Opinion
No. 677
04-02-2019
Circuit Court for Baltimore City
Case No. 105223045
UNREPORTED
Friedman, Beachley, Moylan, Charles E., Jr. (Senior Judge, Specially Assigned), JJ. PER CURIAM *This is an unreported opinion, and it may not be cited in any paper, brief, motion, or other document filed in this Court or any other Maryland Court as either precedent within the rule of stare decisis or as persuasive authority. Md. Rule 1-104.

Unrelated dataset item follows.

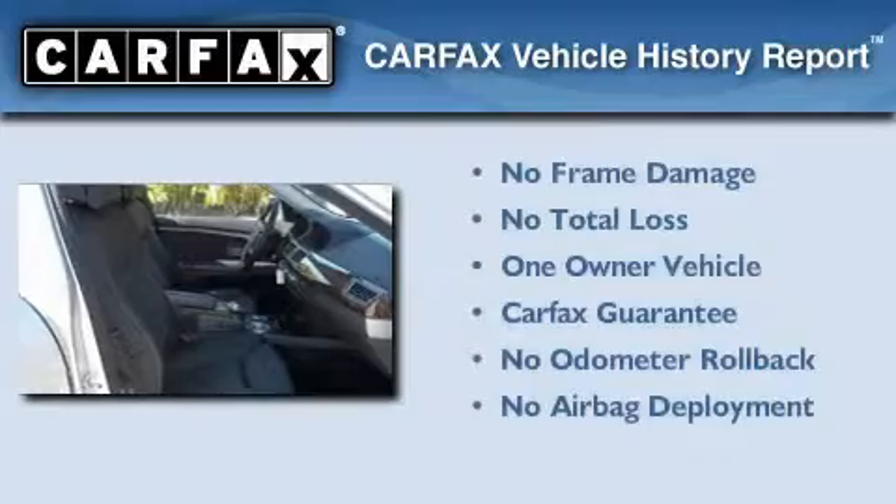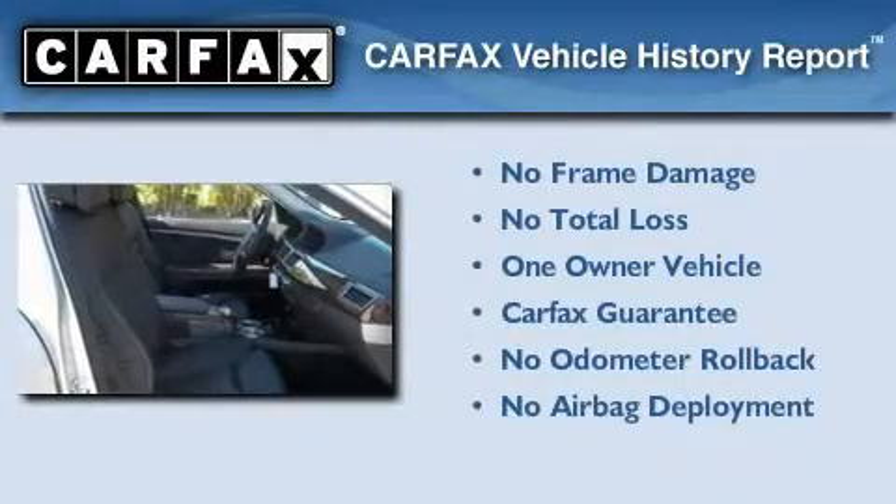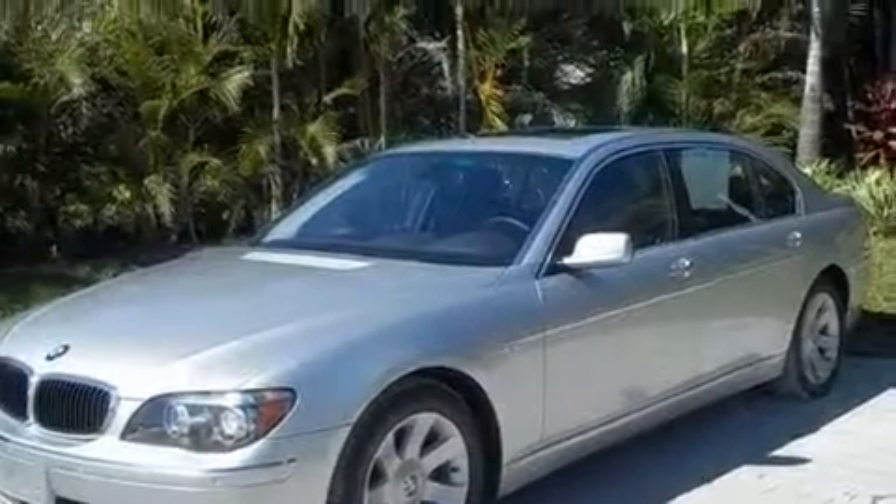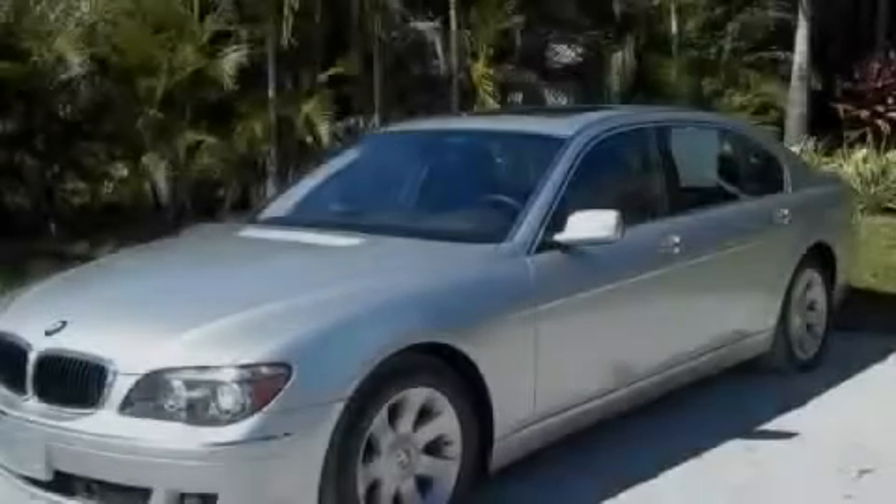This BMW has had only one owner and it qualifies for the Carfax buyback guarantee. Contact us today and schedule your opportunity to see this automobile in person.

In 2006, Reginald McKeever, appellant, was convicted of attempted first-degree murder, first-degree assault, second-degree assault, use of a handgun in the commission of a crime of violence, and carrying a handgun, following a jury trial in the Circuit Court for Baltimore City. Those convictions were based on his having shot an off-duty police officer during an attempted robbery. At trial, Mr. McKeever claimed he could not have shot the officer because previous injuries to his left and right hand, that he received after having been shot by a shotgun, made it impossible for him to hold or operate a firearm.
In 2018, Mr. McKeever filed a petition for writ of actual innocence and, in support thereof, attached his 2001 medical records from Johns Hopkins Bayview Center, which detailed the nature and treatment of his injuries after he was shot. In claiming that the medical records constituted newly discovered evidence, Mr. McKeever claimed that he, his defense counsel, and his mother had tried to obtain the records prior to his trial but that they had been informed by Johns Hopkins that they did not exist. He further asserted that his post-conviction counsel had eventually obtained them in 2010 after discovering that he had been admitted for treatment as a "John Doe" rather than under his real name. The circuit court denied the petition for writ of actual innocence without a hearing, finding that the medical records were not newly discovered evidence because they could have been discovered with due diligence. Mr. McKeever now raises a single issue on appeal: whether the court erred in denying his petition for writ of actual innocence without a hearing. Because Mr. McKeever's medical records are not newly discovered evidence, we affirm.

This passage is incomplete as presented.